Koizumi boosted by Japanese poll results
Reviewed By Hitoshi URABE
"Koizumi boosted by Japanese poll results"
(by Mariko Sanchanta) Financial Times
It was supposed to be a test, to measure the level of support for Mr Koizumi and his government as the by-election was the first opportunity for the people to be polled at a national level.
On October 26, seven new parliamentary members were chosen from each of seven constituencies, five for the House of Representatives and two for the House of Councilors. Of the seven elected, none belonged to a political party in a technical sense, although most were supported by one or a coalition of parties. In fact, out of the elected seven, one was backed by the opposition, one was totally independent, and the remaining five were supported by the ruling coalition led by Mr Koizumi's Liberal Democratic Party.
Is it, then, a victory for Mr Koizumi so that he could pursue his policies with vigor? To the extent the opposition has experienced a brutal defeat, yes. But there are twists to that.
The problem some analysts find with the results of this by-election is that in all of the seven constituencies, record lows were marked for the turnout rate. The drops were in the ranges of 10 to almost 30 percent compared to the previous elections, and the lowest among them, Chiba prefecture, registered the turnout rate of 24.14%, which means less than one out of four people eligible to vote showed up.
Some interpret this as a result of confusion among voters on the apparent split in opinions between Mr Koizumi and the LDP, which is supposed to support the Prime Minister. It has come into focus recently that the confrontation between the senior LDP officials and Mr Takenaka, the Financial Services Minister who is backed by Mr Koizumi, has become so intense that Mr Takenaka had to abandon publicizing his plans to reform the financial services sector.

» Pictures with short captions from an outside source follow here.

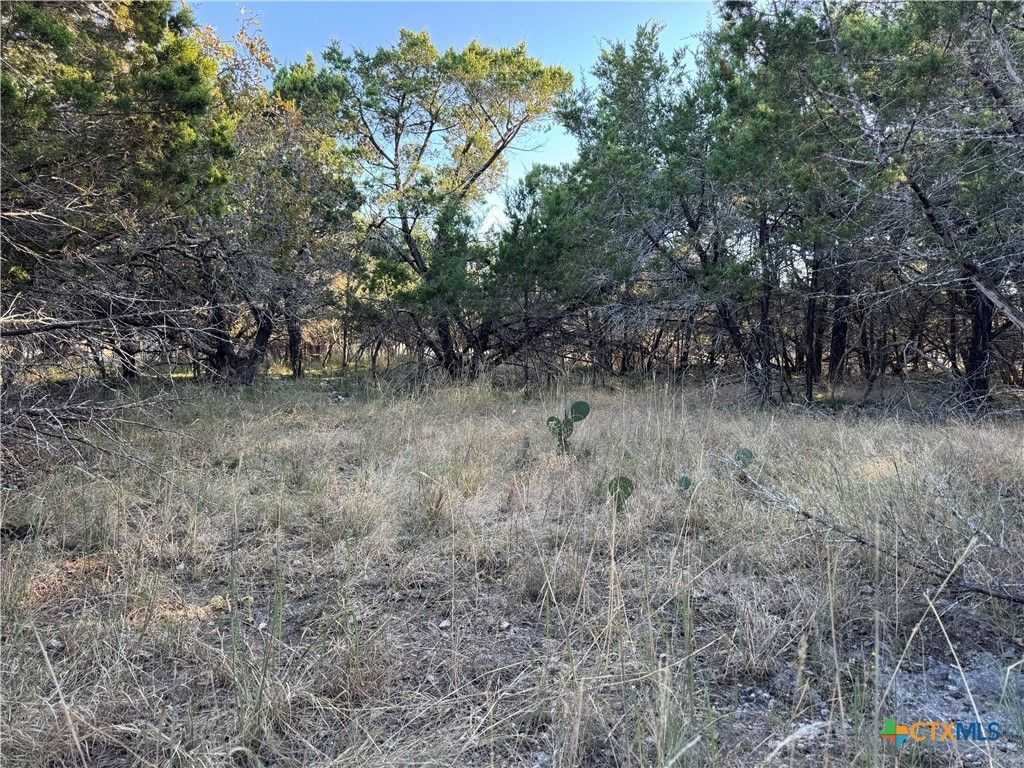 15915 Charlya Drive, Temple, TX 76502 Main Photo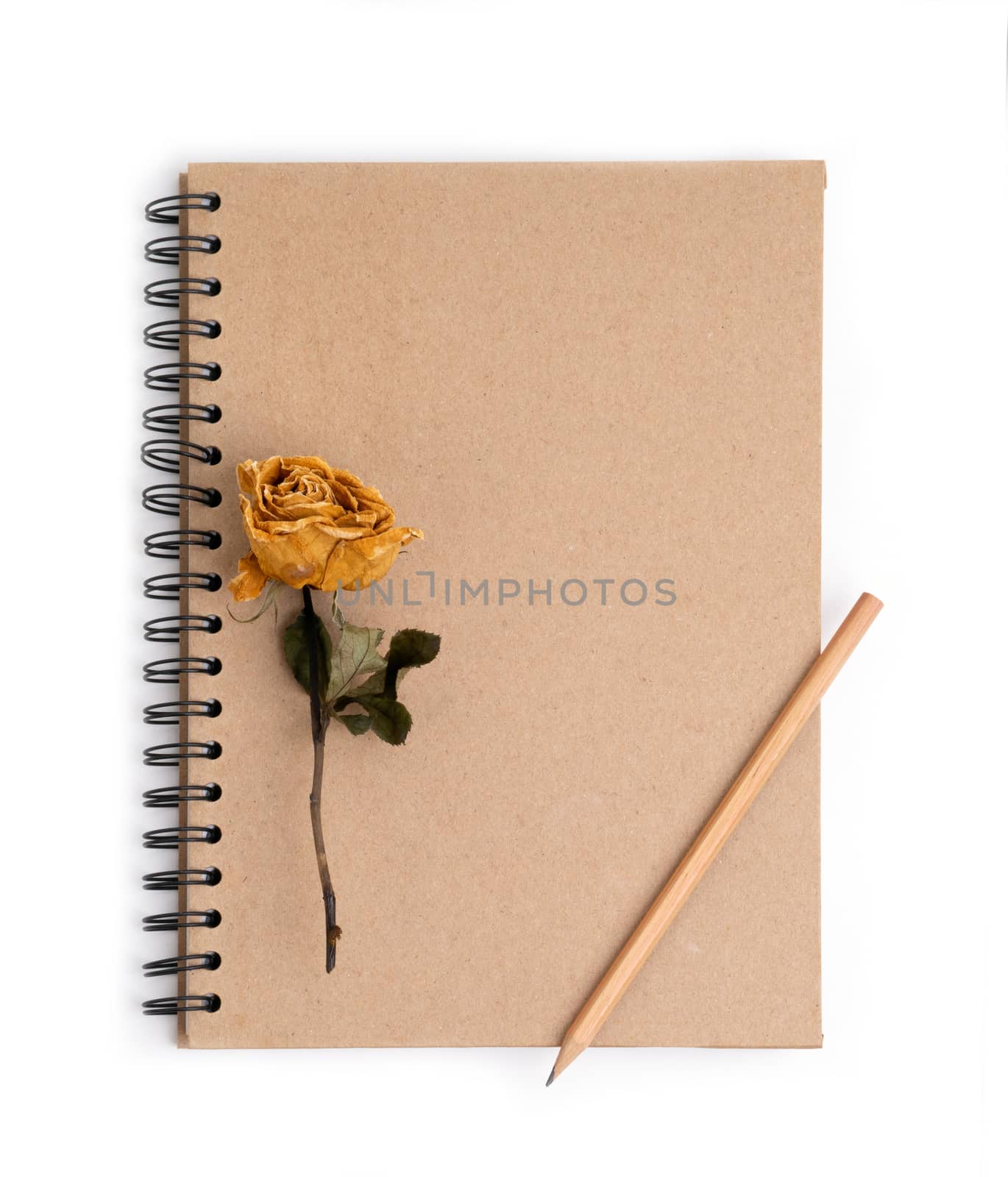 dried rose flower with pencil on notebook by anankkml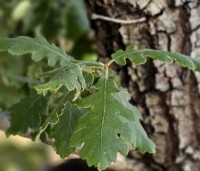 Quercus pubescens - Donzige eik - 3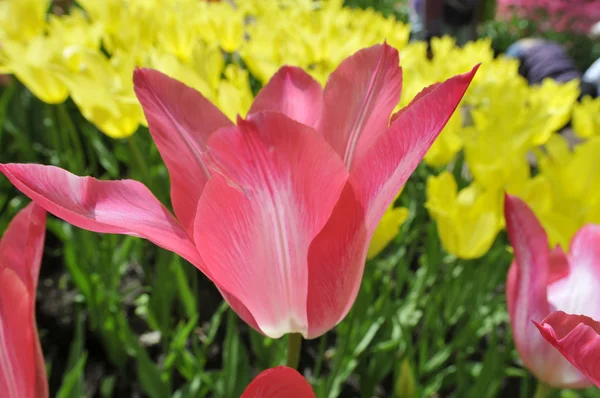 Tulpen — Stockfoto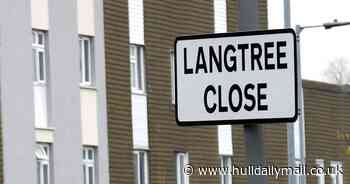 Arrest after '100 cannabis plants' found inside Hull house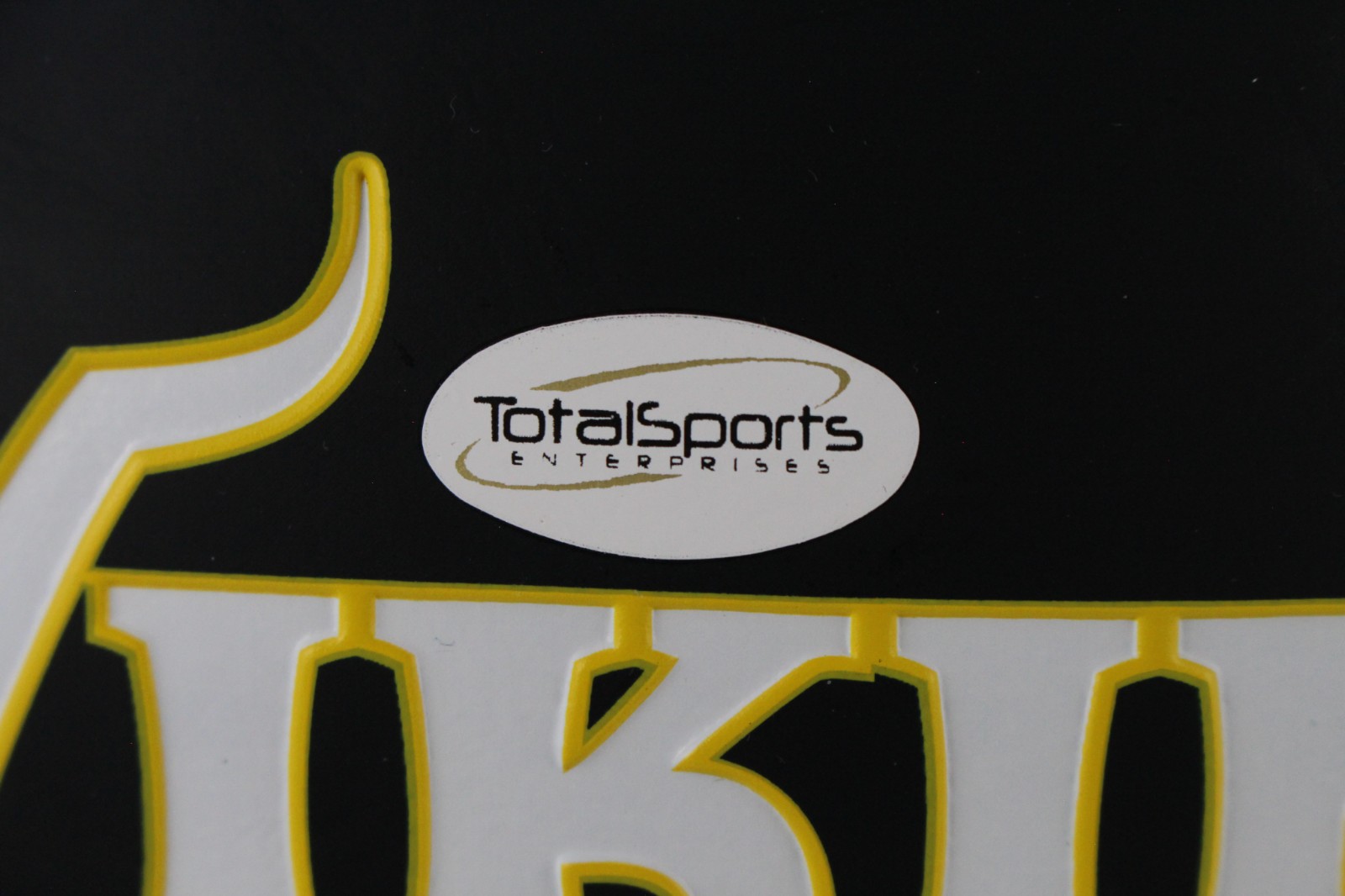 Linval Joseph Autographed Minnesota Vikings Logo Footbal Defend North DEN 59388 5 Linval Joseph Autographed Minnesota Vikings Logo Footbal Defend North DEN 59388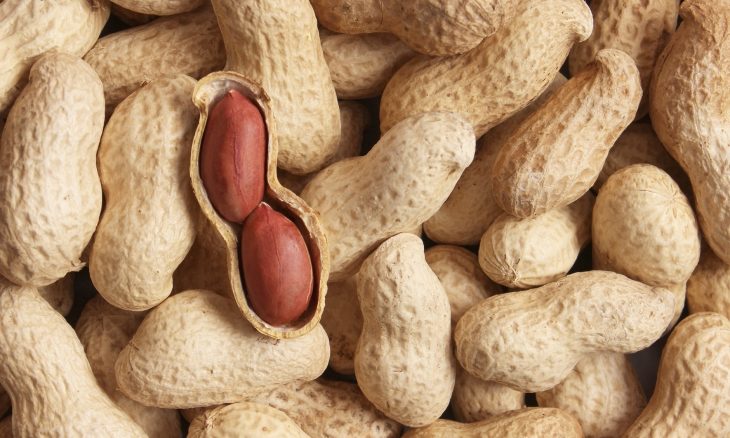 Saiba qual grão tem o dobro de proteína do ovo e protege o coração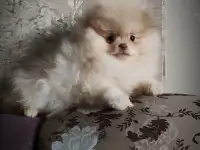 Померанский шпиц, щенки. Мини мтшки, фотография 5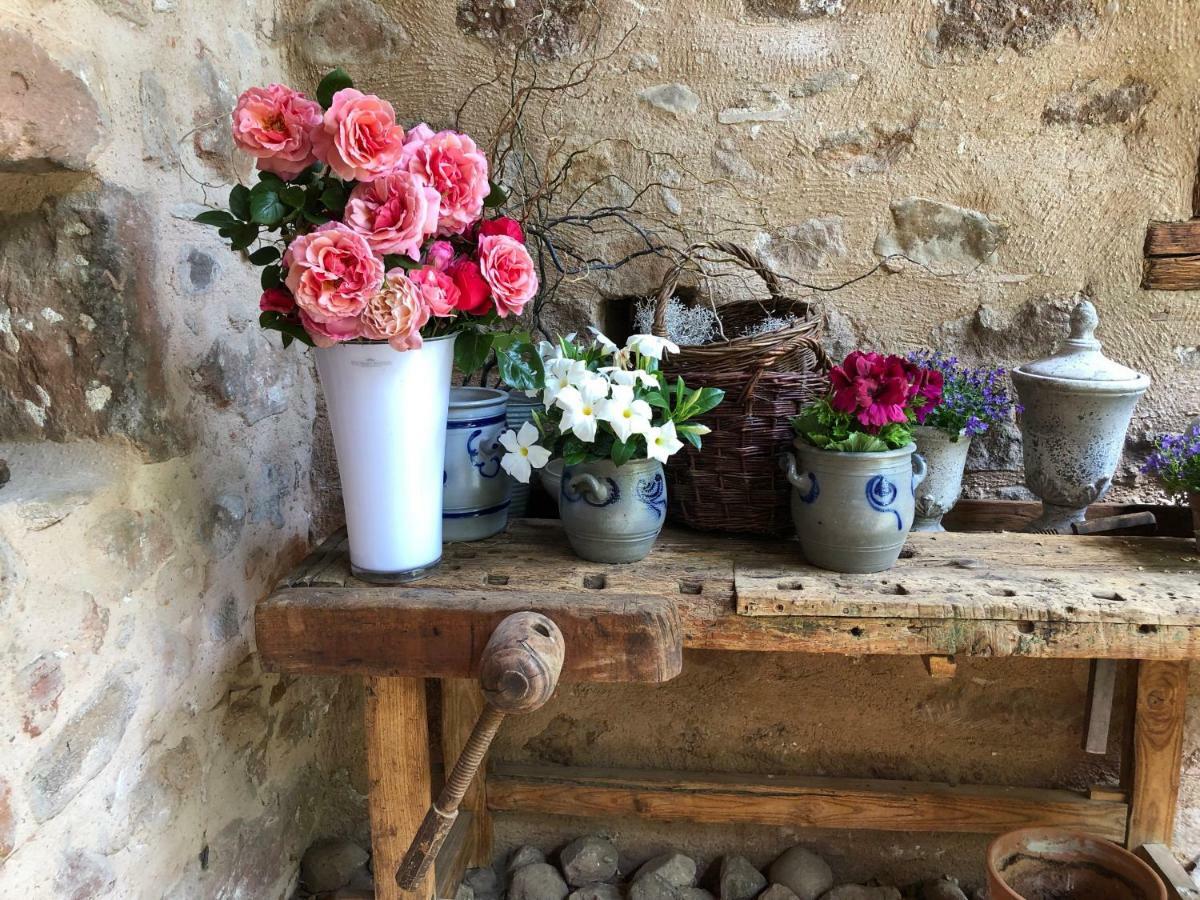 Les Hortensias Riquewihr Buitenkant foto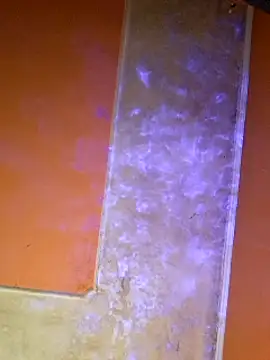 Snapshot of ducicsajsziii chatting on 03-07-25, 08:33 ducicsajsziii online show from 03-07-25, 08:33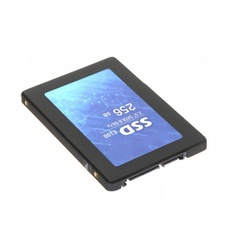 Накопитель SSD Hikvision E100 256Gb (HS-SSD-E100/256G)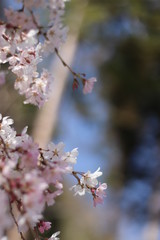 4月枝垂れ桜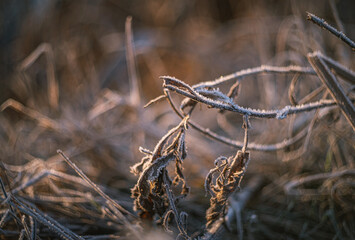 Frosen nature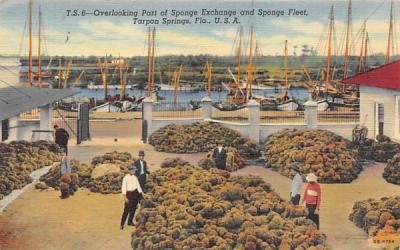 Part of Sponge Exchange and Sponge Fleet Tarpon Springs, Florida Postcard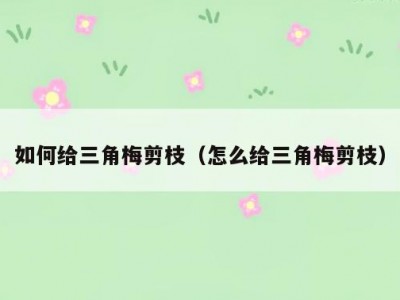 如何给三角梅剪枝（怎么给三角梅剪枝）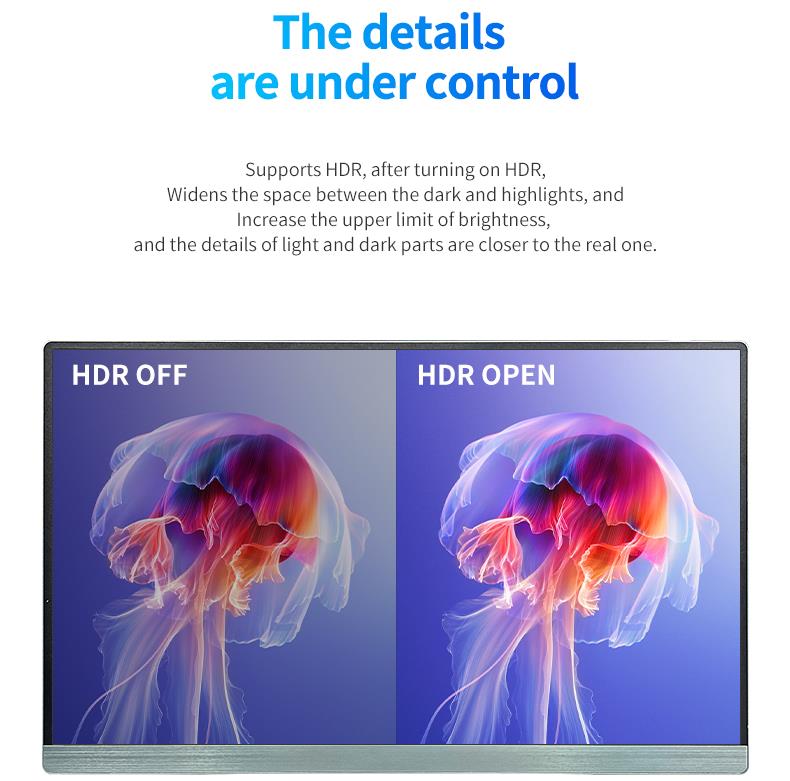 15.6-inch Portable Touch Monitor PM158-1(图9)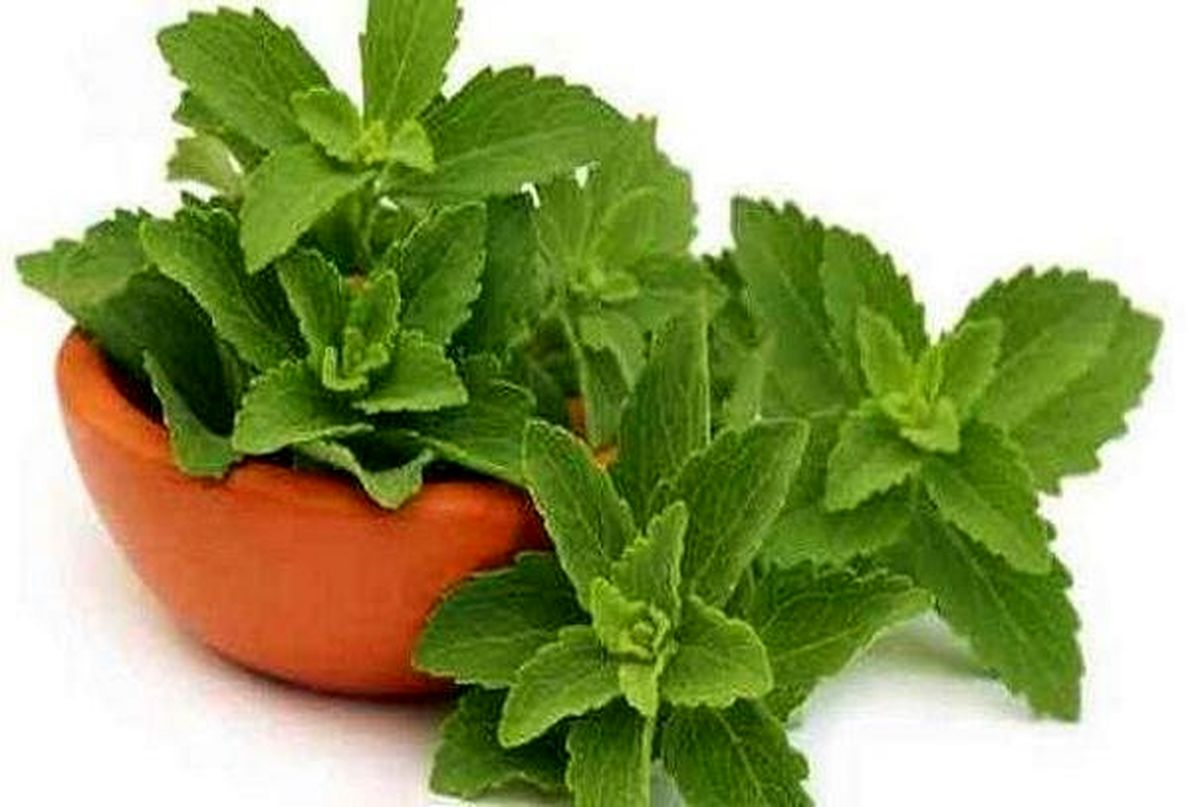 شیوه جدید درمان دیابت با این گیاه 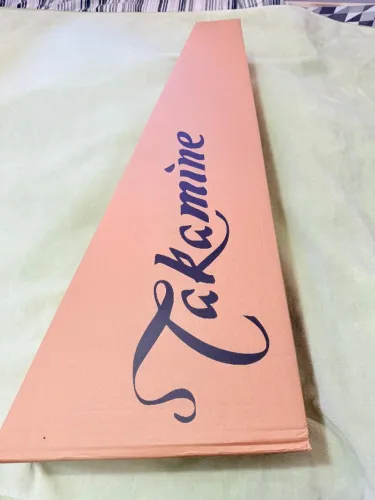 Violão Takamine GD20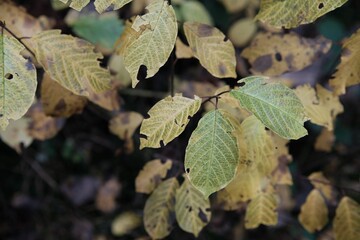 herbstliche Blätter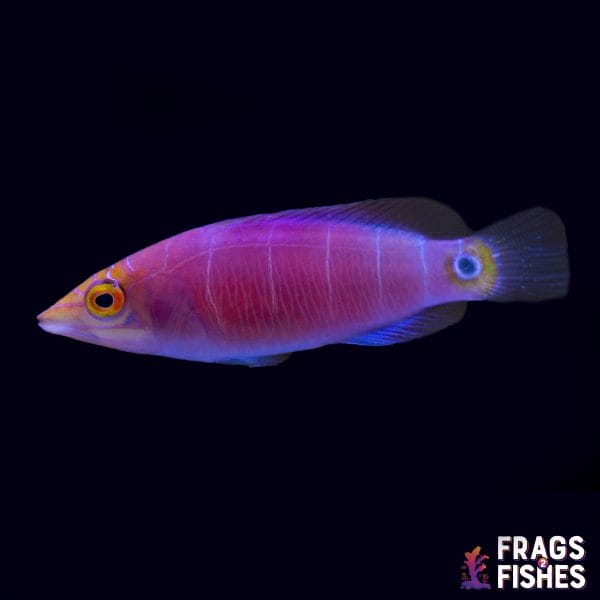 mystery-wrass.jpg Five Bar Mystery Wrasse - Image 1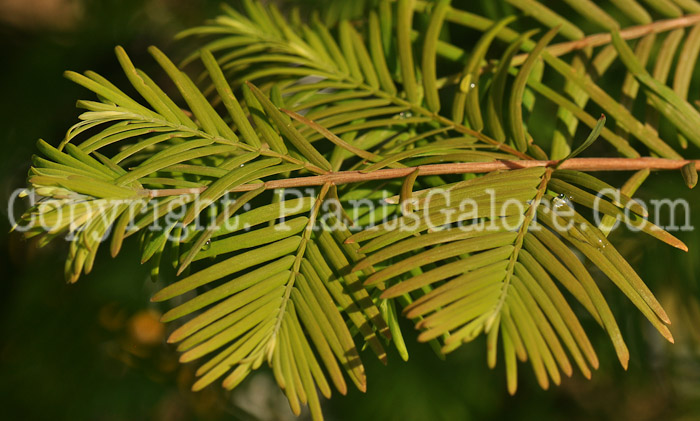 PGC-T-Metasequoia-glyptostroboides-aka-Dawn-Redwood-leaf1-3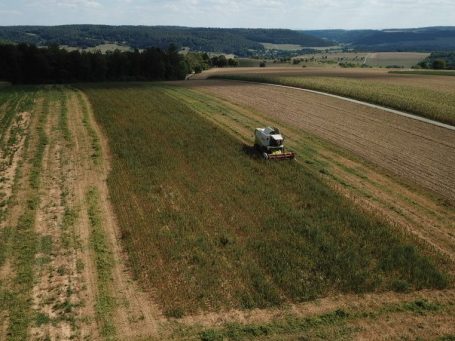 Gäuhanf Feld aus der Vogelperspektive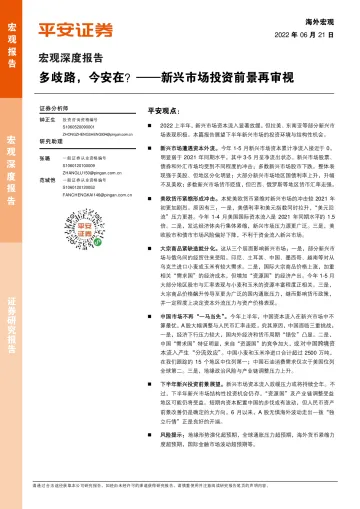 宏观深度报告：新兴市场投资前景再审视，多歧路，今安在-20220621-平安证券-16页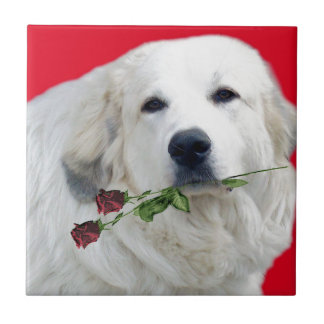 Great Pyrenees with Roses Tile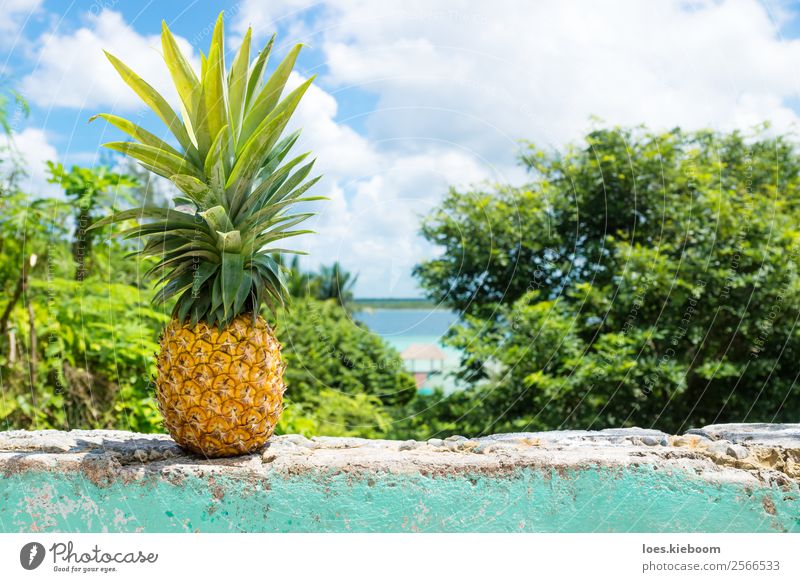Pineapple on a wall with view to Bacalar lake Vacation & Travel Tourism Summer Sun Sunbathing Nature Water Agricultural crop Coast Lakeside Wall (barrier)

The voters could not be certain as to whether voting for a candidate supported by LDP would in fact be endorsing Mr Koizumi or be siding with the LDP officials who challenge his policies.
Another, more grave interpretation, is the people's apathy toward politics in general. It has been a while since the turnout rate for not only national but also for regional elections began sliding, where figures such as 70% were often seen thirty years ago, it is almost rare to see anything more than 50% in recent years.
Some critics have alarmed that this is endangering democracy, and are suggesting various methods to beef up the turnout rate. Some propose fines to be charged to those no-shows, as such rules are implemented in certain countries such as Australia and a number of European countries.
There are in fact arguments as to whether a turnout rate is such an important factor. But it is vaguely recognized that there could be something wrong with the system when the number gets very low. It is easy to cast the cause to the politicians for making politics boring, but perhaps it is about time for the people to remind themselves that it is they who have the obligation to maintain democracy, if so desired.